[Scraped caption text data]
^^^^^^^^

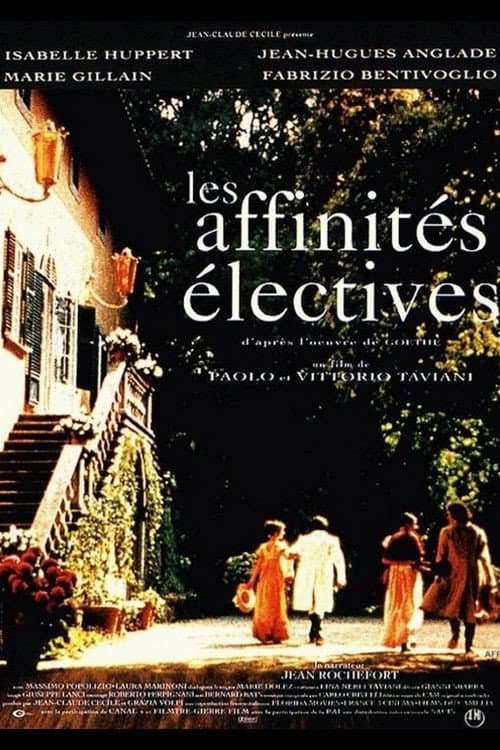 Le affinità elettive (1996) poster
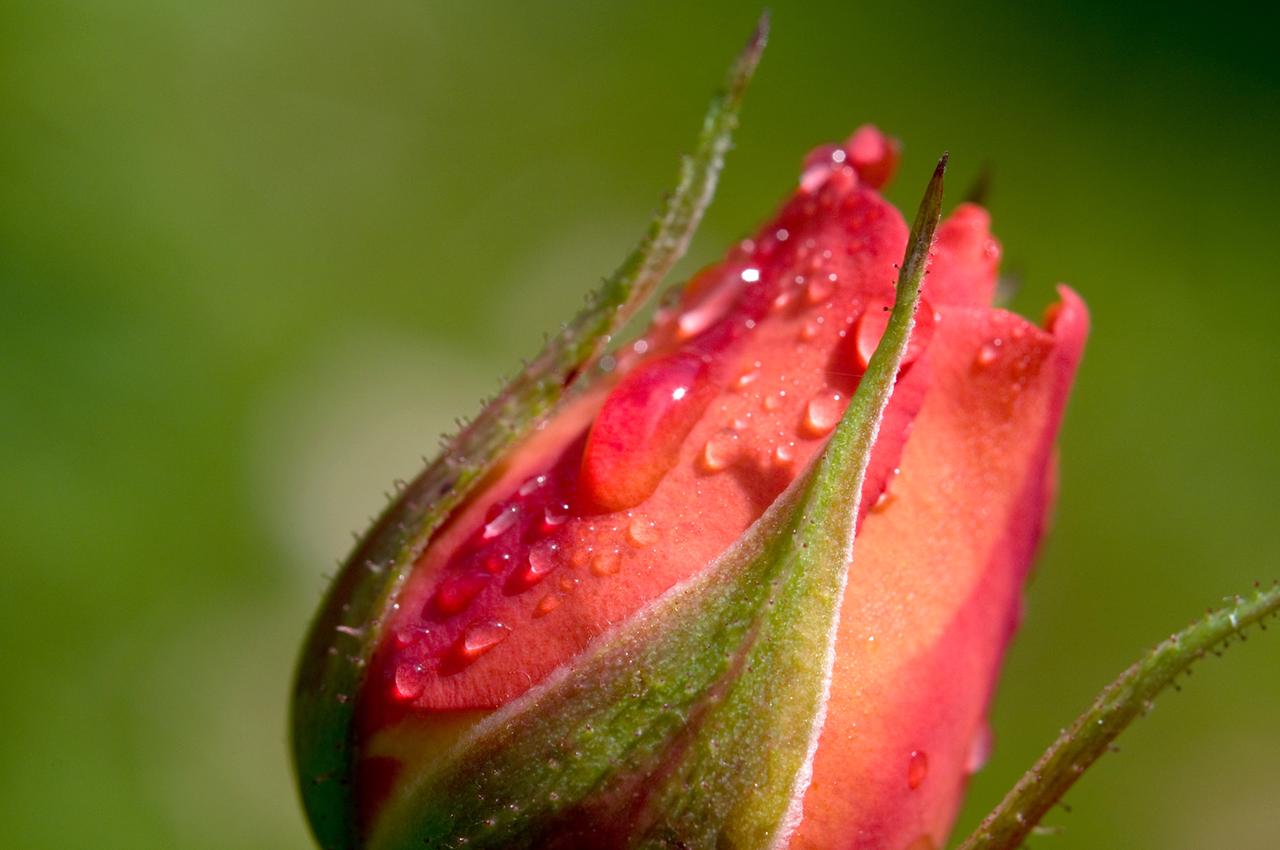 Nahaufnahme einer roten Rosenknospe mit Wassertropfen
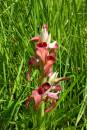 orchidea_tif.jpg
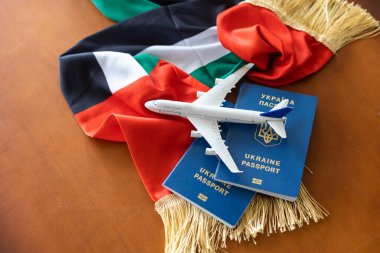 Ukrayna pasaportu, BAE bayrağı. oyuncak uçak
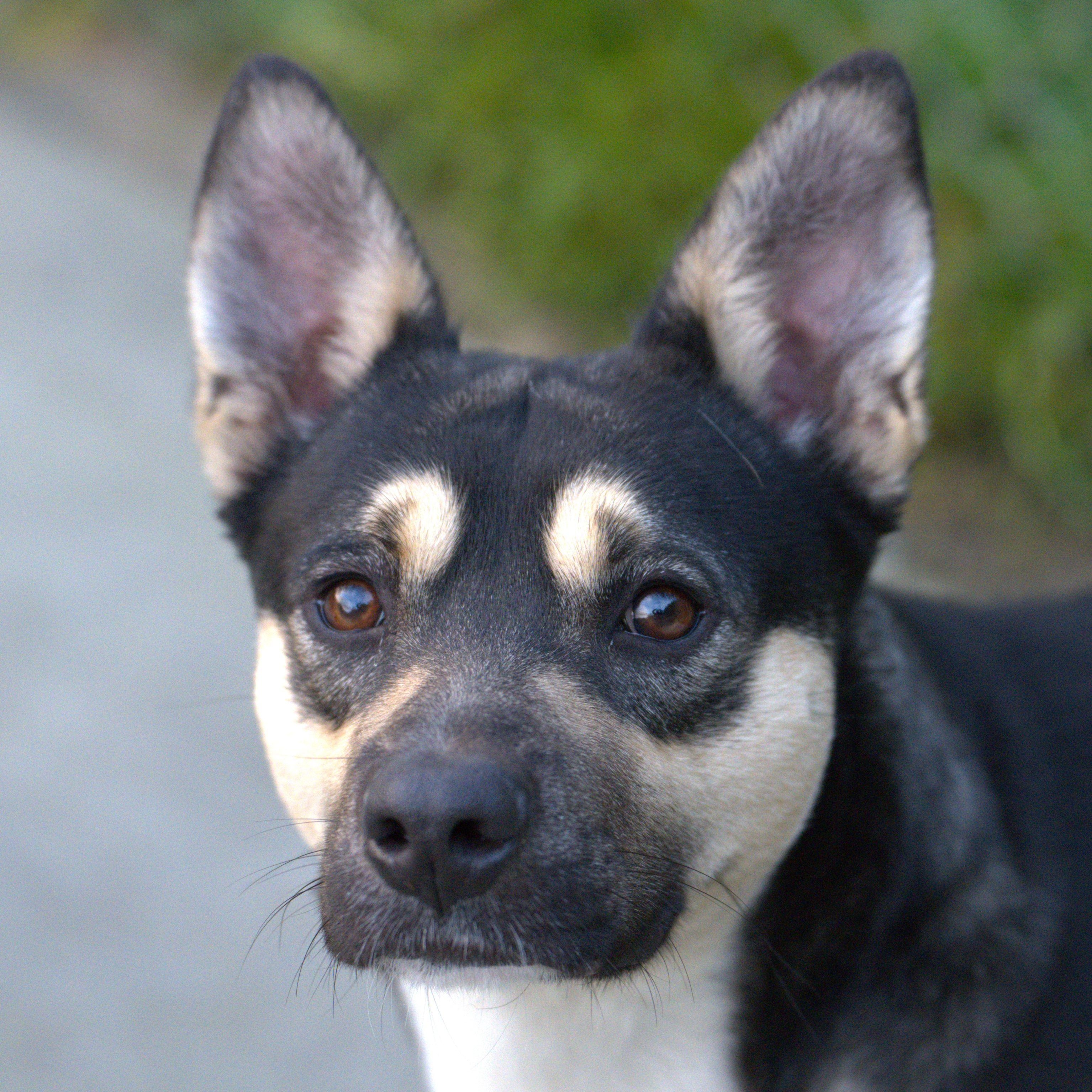 Nick, Adoptable, Young Male Shepherd.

^^^^^^^^

▶ **WHAT THE EXERCISE ASKS**: Please repeat each record exactly and keep every picture out of the copy.

▶ **REPLY**:
 Le affinità elettive (1996) poster
 Nahaufnahme einer roten Rosenknospe mit Wassertropfen
 orchidea_tif.jpg
 Ukrayna pasaportu, BAE bayrağı. oyuncak uçak
 Nick, Adoptable, Young Male Shepherd.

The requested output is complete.